I am learning pytorch
and deep learning. The documentation for torch.max
doesn't make sense in that it looks like we can compare 2 tensors but I don't see where in the documentation I could have determined this.
I had this code at first where I wanted to check ReLU values against the maximum. I thought that 0
could be broadcast for and h1.shape=torch.Size([10000, 128])
.
h1 = torch.max(h1, 0)
y = h1 @ W2 + b2
However, I got this error:
TypeError: unsupported operand type(s) for @: 'torch.return_types.max' and 'Tensor'
I got to fix this when I changed the max
equation to use a tensor instead of 0.
h1 = torch.max(h1, torch.tensor(0))
y = h1 @ W2 + b2
1. Why does this fix the error?
This is when I checked the documentation again and realized that there is nothing mentions a collection like a tuple or list for multiple tensors or even a *input
for iterable unpacking.
Here are the 2 versions:
1st torch.max
version:
torch.max(input) → Tensor Returns the maximum value of all elements in the input tensor.
Warning
This function produces deterministic (sub)gradients unlike max(dim=0)
2nd version of torch.max
torch.max(input, dim, keepdim=False, *, out=None) Returns a namedtuple (values, indices) where values is the maximum value of each row of the input tensor in the given dimension dim.

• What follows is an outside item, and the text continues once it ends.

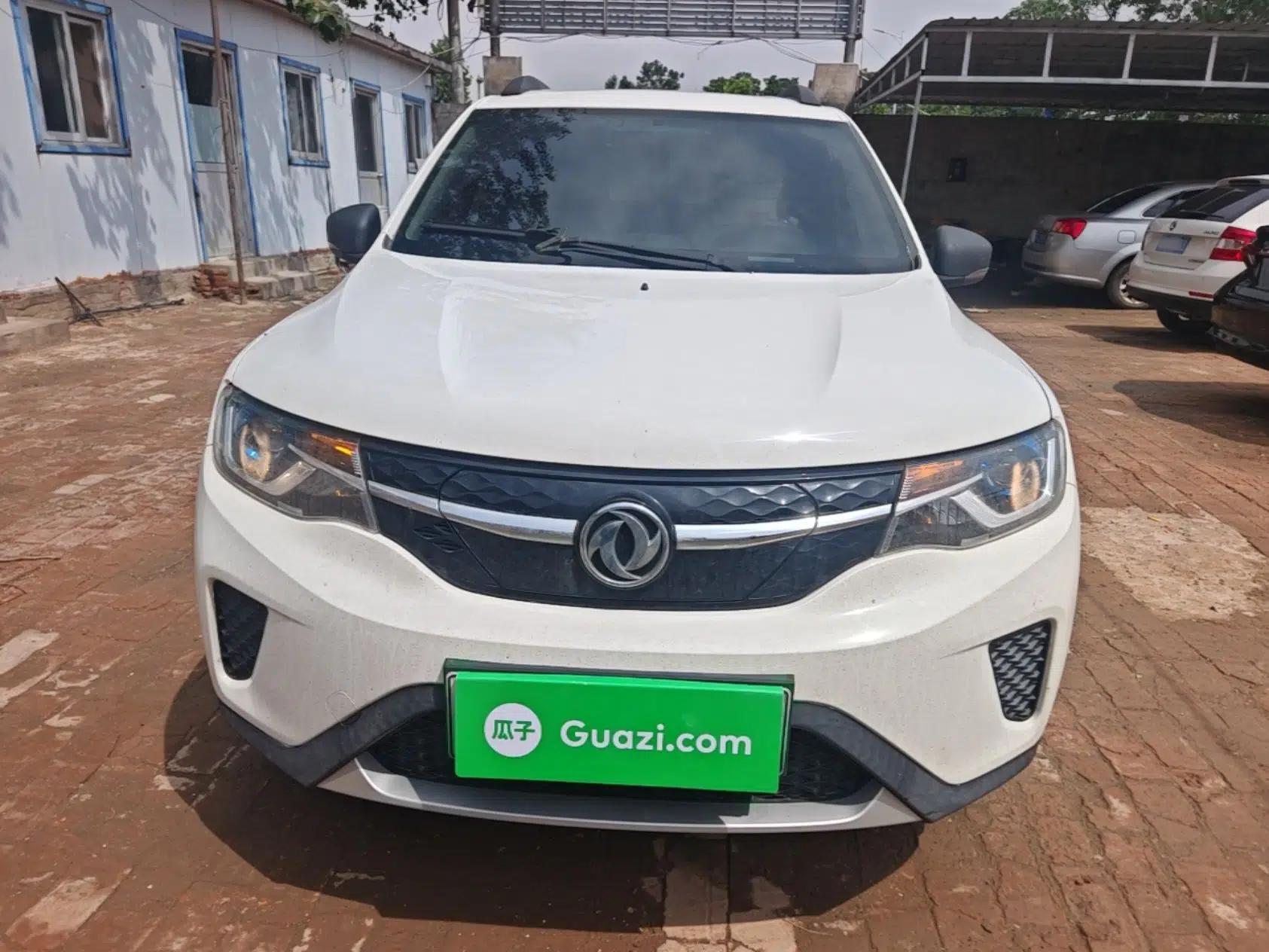 Dongfeng NAMMI EX1 2021 Quality Edition — миниатюра 2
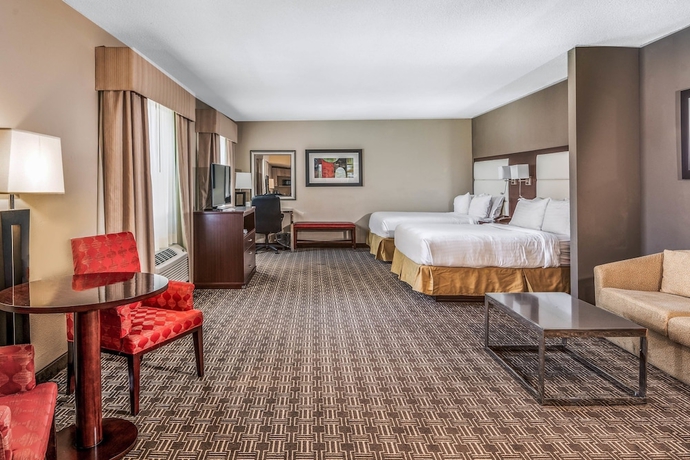 Imagen de la habitación del Hotel Holiday Inn Express & Suites Lantana. Foto 6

And indices is the index location of each maximum value found (argmax).
If keepdim is True, the output tensors are of the same size as input except in the dimension dim where they are of size 1. Otherwise, dim is squeezed (see torch.squeeze()), resulting in the output tensors having 1 fewer dimension than input.
2. What is tensor(0)
according to this documentation?
Check the bottom of the documentation page you linked where it says:
torch.max(input, other, *, out=None) → Tensor
See torch.maximum().
When the second argument is a tensor, torch.max
computes torch.maximum